Return each record word for word, keeping none of its pictures.

Stored items:
---+---

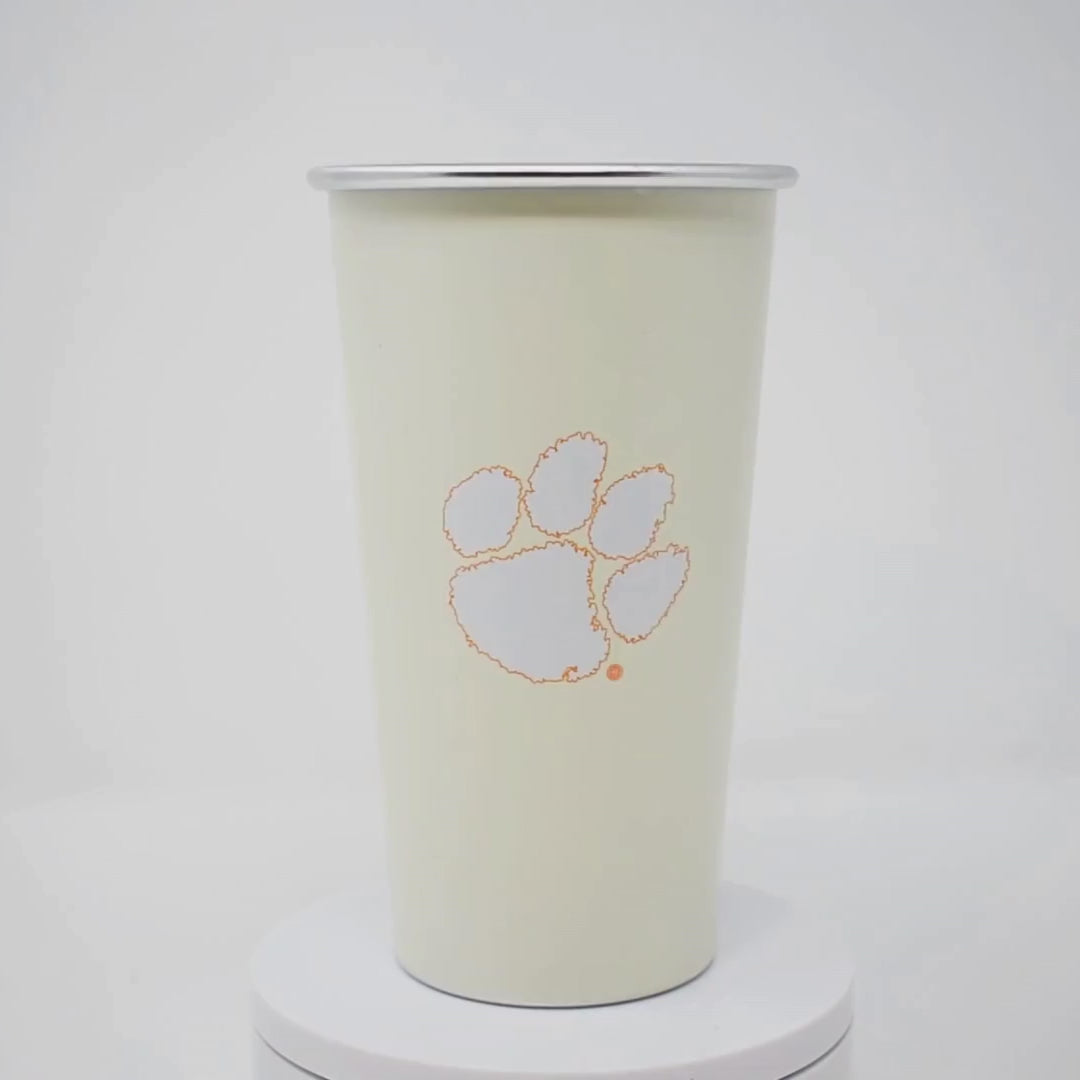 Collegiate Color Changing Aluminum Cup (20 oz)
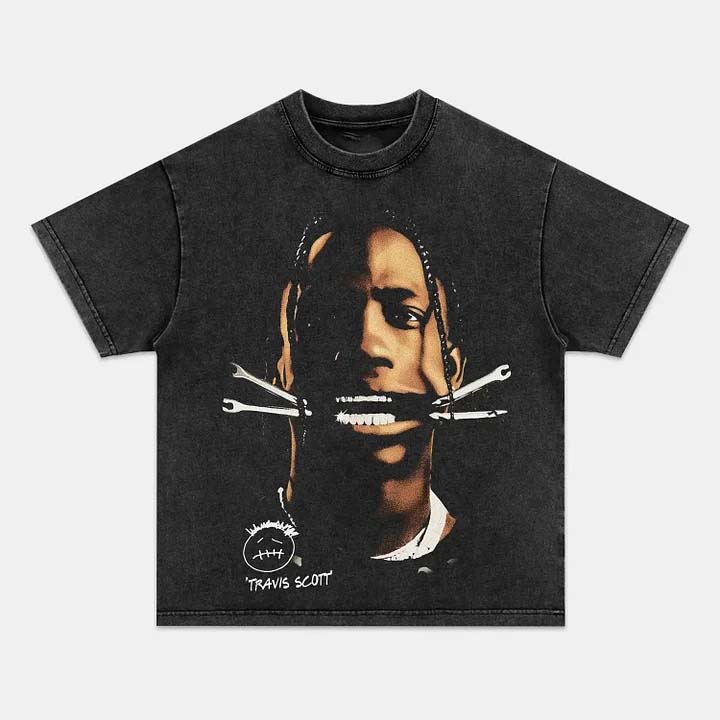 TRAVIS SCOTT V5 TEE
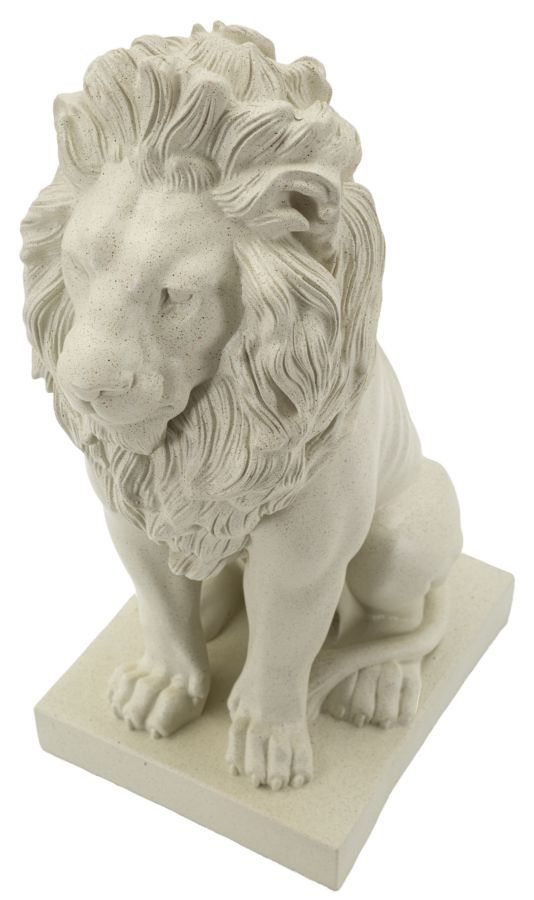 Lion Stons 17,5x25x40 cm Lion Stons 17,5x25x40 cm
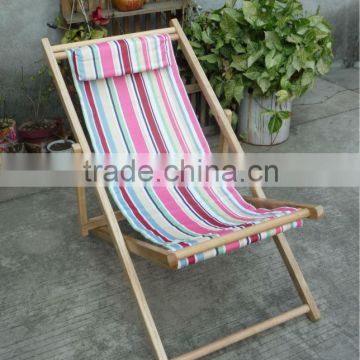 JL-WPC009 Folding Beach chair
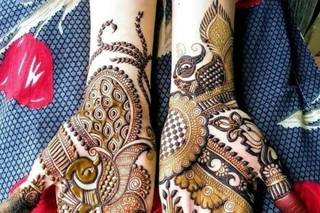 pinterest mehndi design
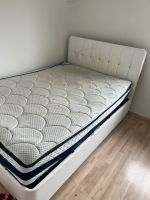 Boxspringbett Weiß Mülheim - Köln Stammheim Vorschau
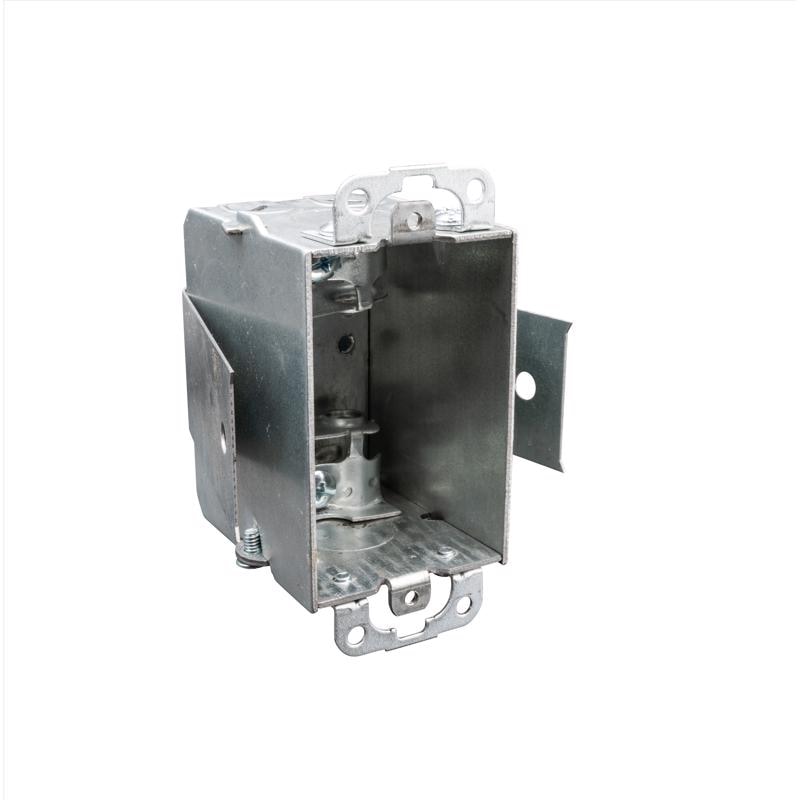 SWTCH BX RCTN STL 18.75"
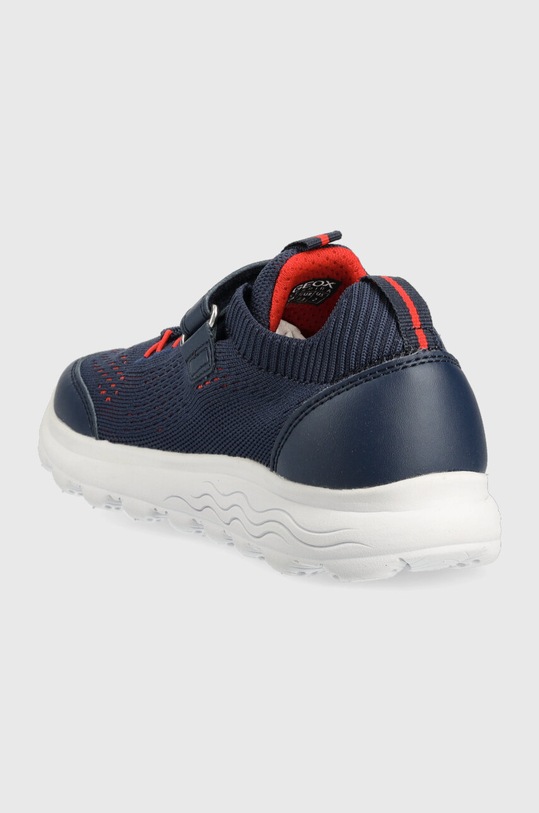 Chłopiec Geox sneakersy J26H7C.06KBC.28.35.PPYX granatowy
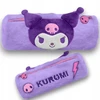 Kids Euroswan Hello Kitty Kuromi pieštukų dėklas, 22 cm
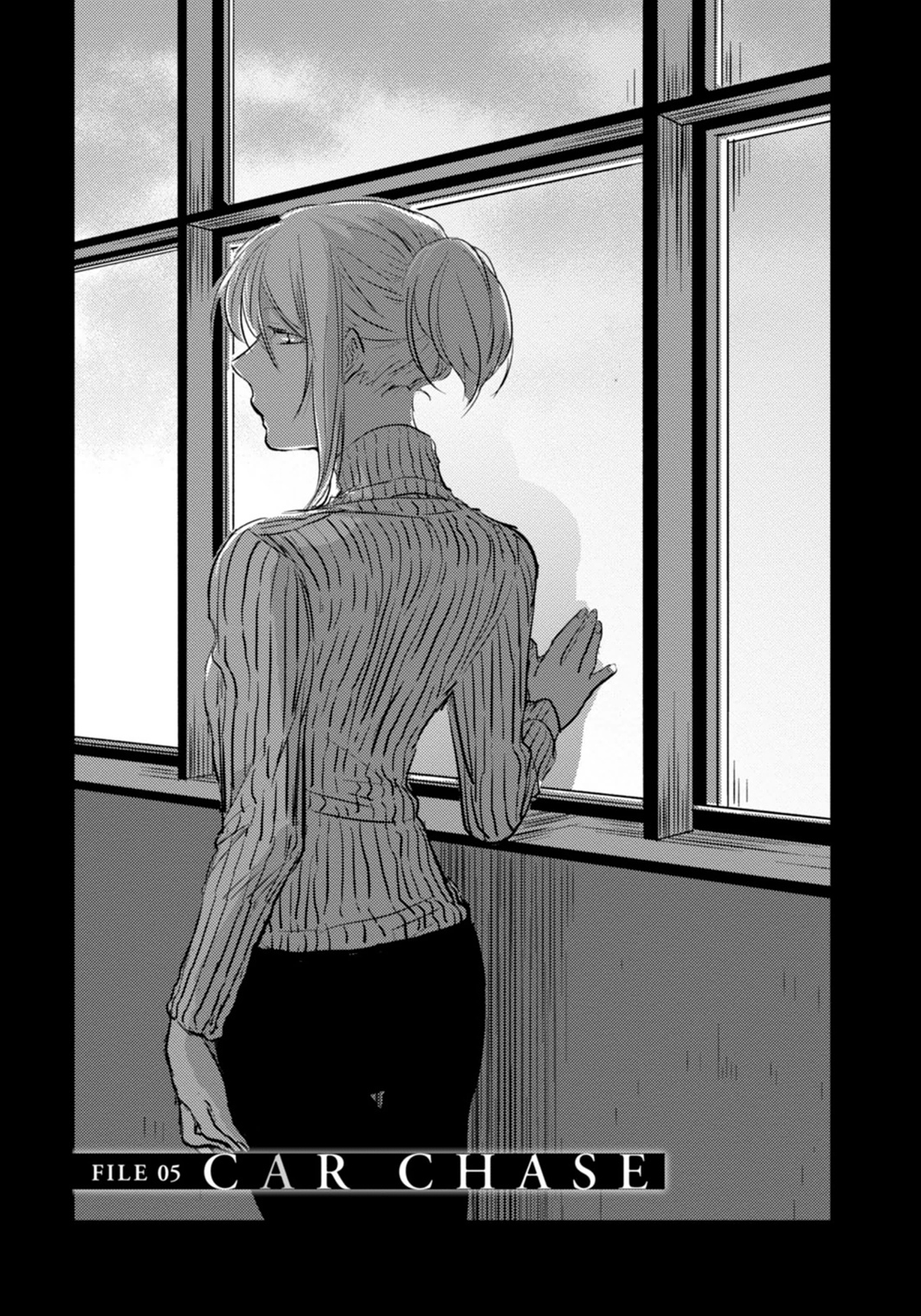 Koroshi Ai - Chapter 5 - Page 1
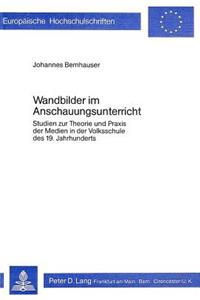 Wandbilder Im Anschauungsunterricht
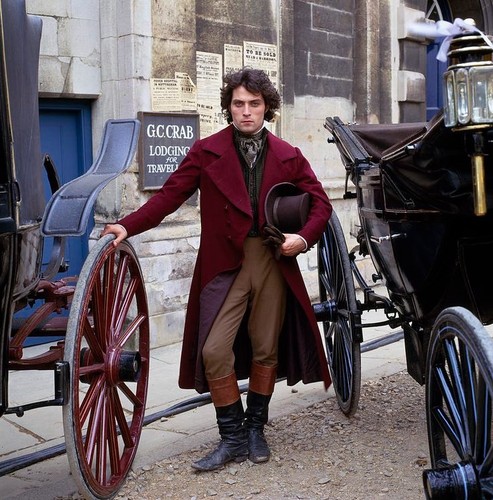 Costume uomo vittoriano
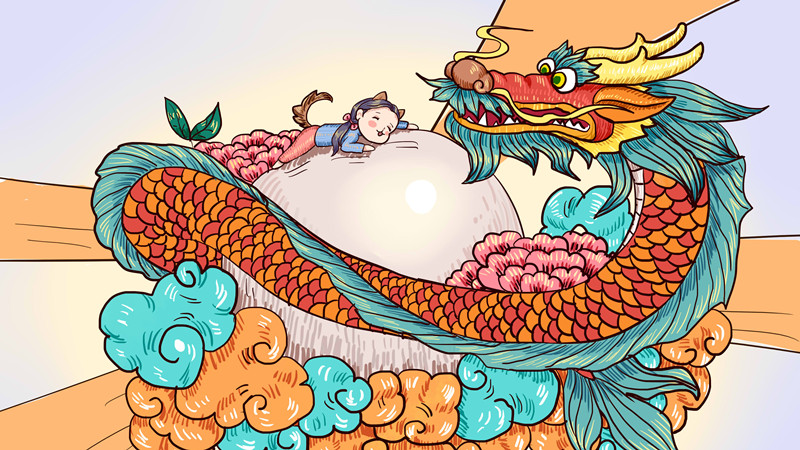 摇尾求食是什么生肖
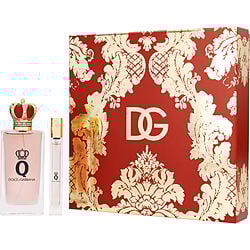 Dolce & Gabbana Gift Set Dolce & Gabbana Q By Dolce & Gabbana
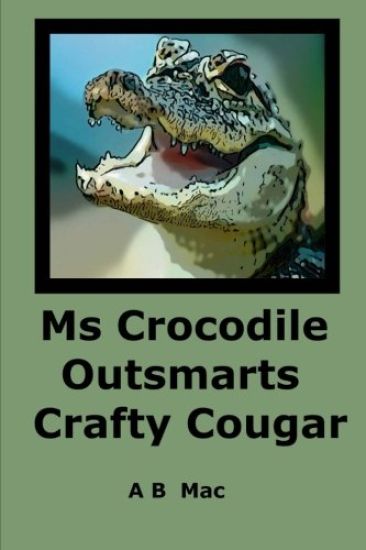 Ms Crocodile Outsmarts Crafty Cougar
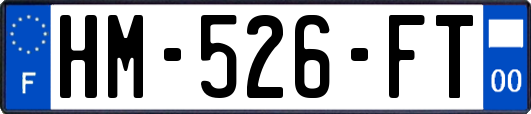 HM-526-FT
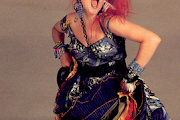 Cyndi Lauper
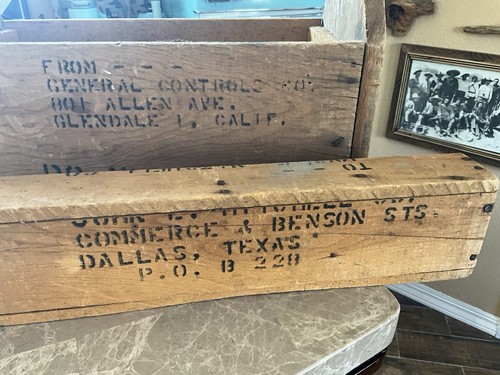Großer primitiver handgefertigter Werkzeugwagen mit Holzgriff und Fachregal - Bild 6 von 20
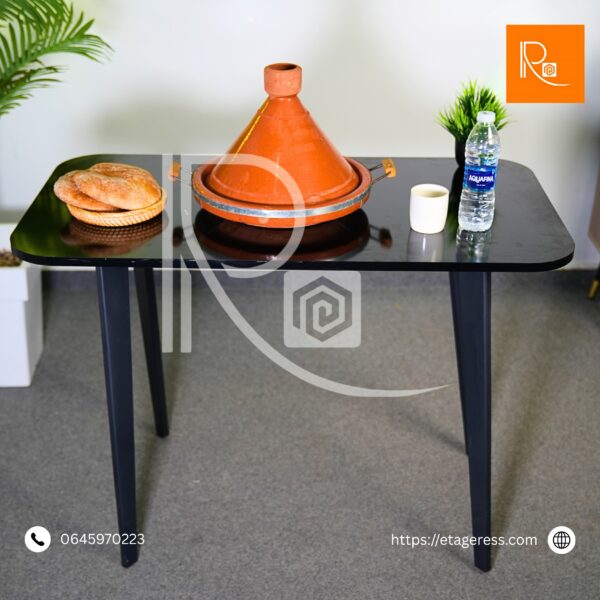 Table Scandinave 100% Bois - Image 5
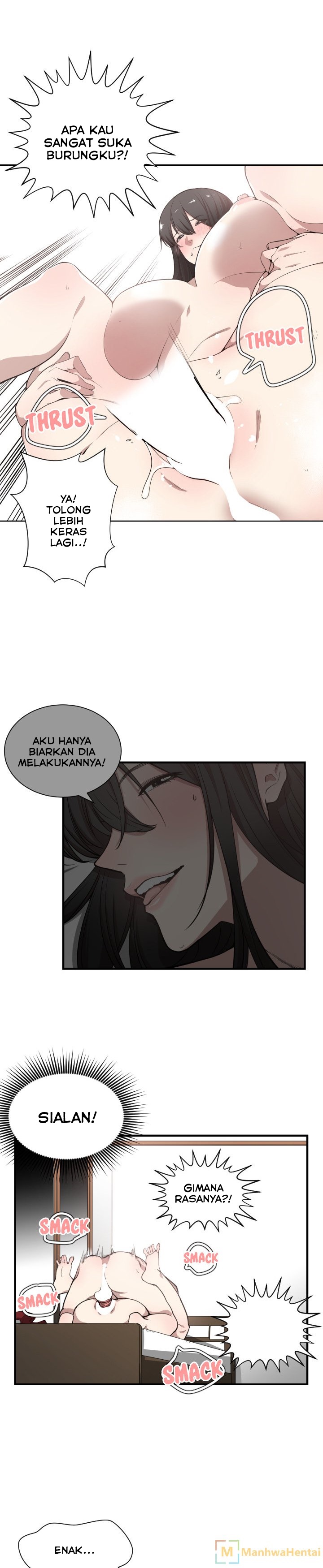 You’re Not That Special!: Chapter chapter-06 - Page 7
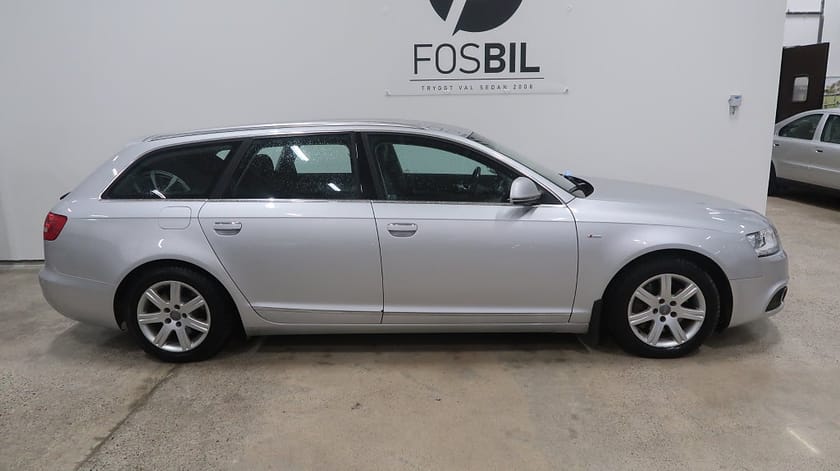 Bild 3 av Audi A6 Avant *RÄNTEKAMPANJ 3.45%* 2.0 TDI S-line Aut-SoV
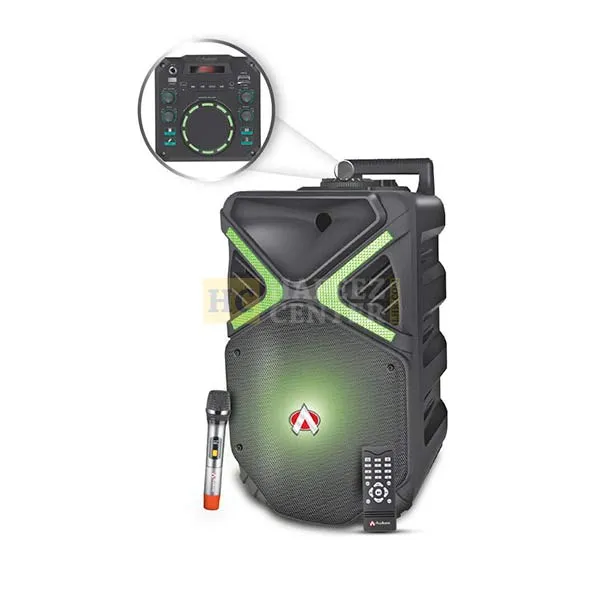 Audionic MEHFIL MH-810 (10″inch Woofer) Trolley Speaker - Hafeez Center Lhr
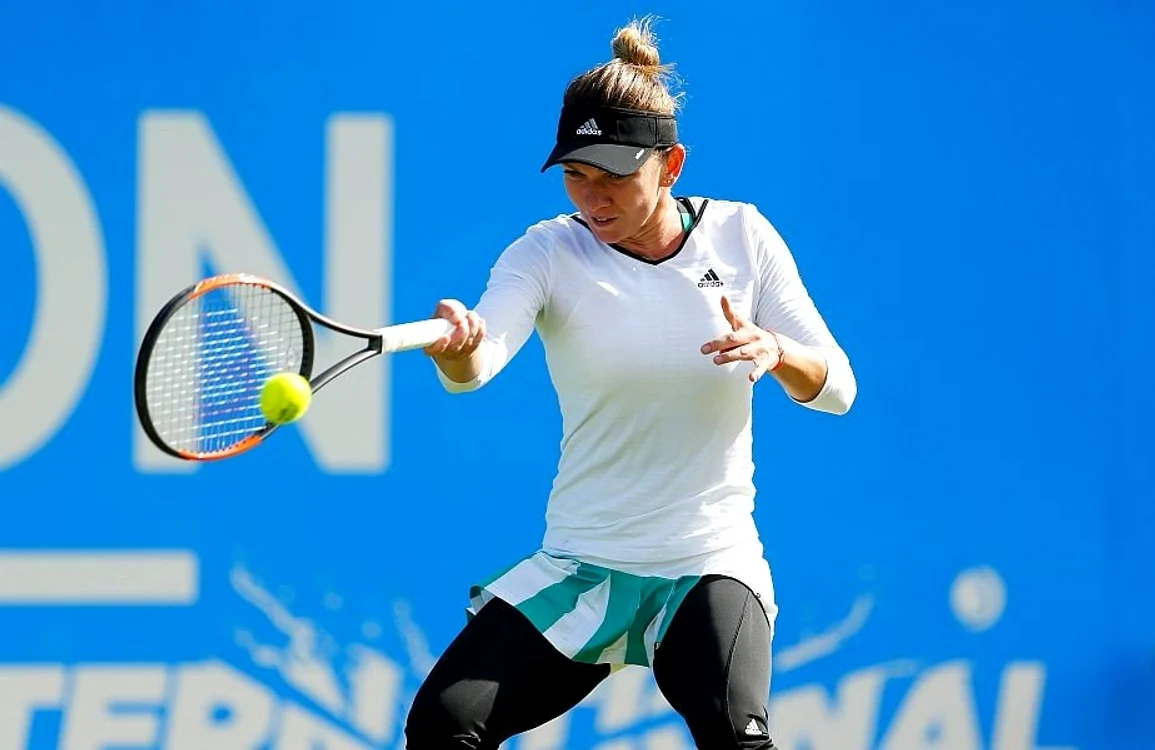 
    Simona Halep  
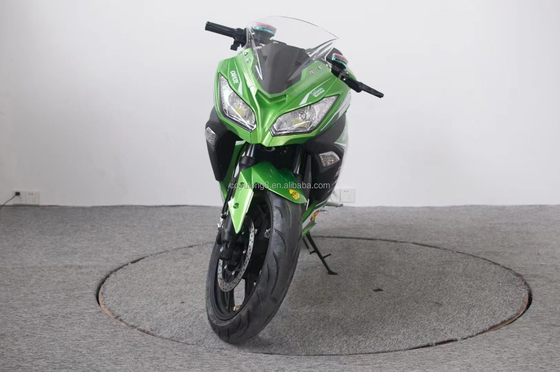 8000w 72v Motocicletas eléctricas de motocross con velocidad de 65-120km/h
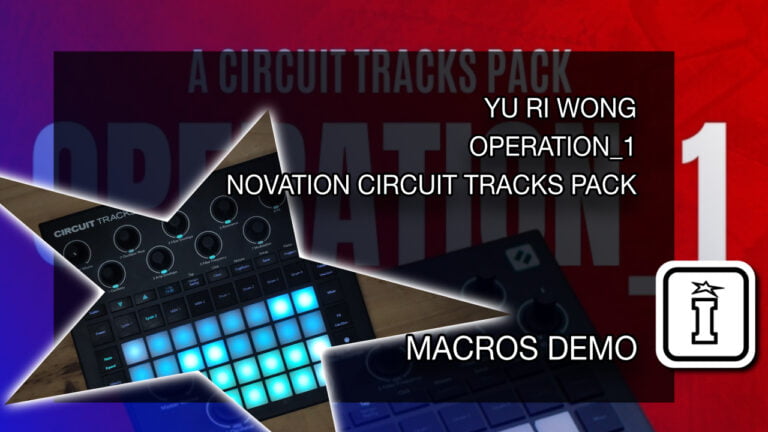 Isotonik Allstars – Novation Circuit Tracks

---+---

ANSWER BOX
 Collegiate Color Changing Aluminum Cup (20 oz)
 TRAVIS SCOTT V5 TEE
 Lion Stons 17,5x25x40 cm Lion Stons 17,5x25x40 cm
 JL-WPC009 Folding Beach chair
 pinterest mehndi design
 Boxspringbett Weiß Mülheim - Köln Stammheim Vorschau
 SWTCH BX RCTN STL 18.75"
 Chłopiec Geox sneakersy J26H7C.06KBC.28.35.PPYX granatowy
 Kids Euroswan Hello Kitty Kuromi pieštukų dėklas, 22 cm
 Koroshi Ai - Chapter 5 - Page 1
 Wandbilder Im Anschauungsunterricht
 Costume uomo vittoriano
 摇尾求食是什么生肖
 Dolce & Gabbana Gift Set Dolce & Gabbana Q By Dolce & Gabbana
 Ms Crocodile Outsmarts Crafty Cougar
 HM-526-FT
 Cyndi Lauper
Großer primitiver handgefertigter Werkzeugwagen mit Holzgriff und Fachregal - Bild 6 von 20
 Table Scandinave 100% Bois - Image 5
 You’re Not That Special!: Chapter chapter-06 - Page 7
 Bild 3 av Audi A6 Avant *RÄNTEKAMPANJ 3.45%* 2.0 TDI S-line Aut-SoV
 Audionic MEHFIL MH-810 (10″inch Woofer) Trolley Speaker - Hafeez Center Lhr
    Simona Halep  
 8000w 72v Motocicletas eléctricas de motocross con velocidad de 65-120km/h
 Isotonik Allstars – Novation Circuit Tracks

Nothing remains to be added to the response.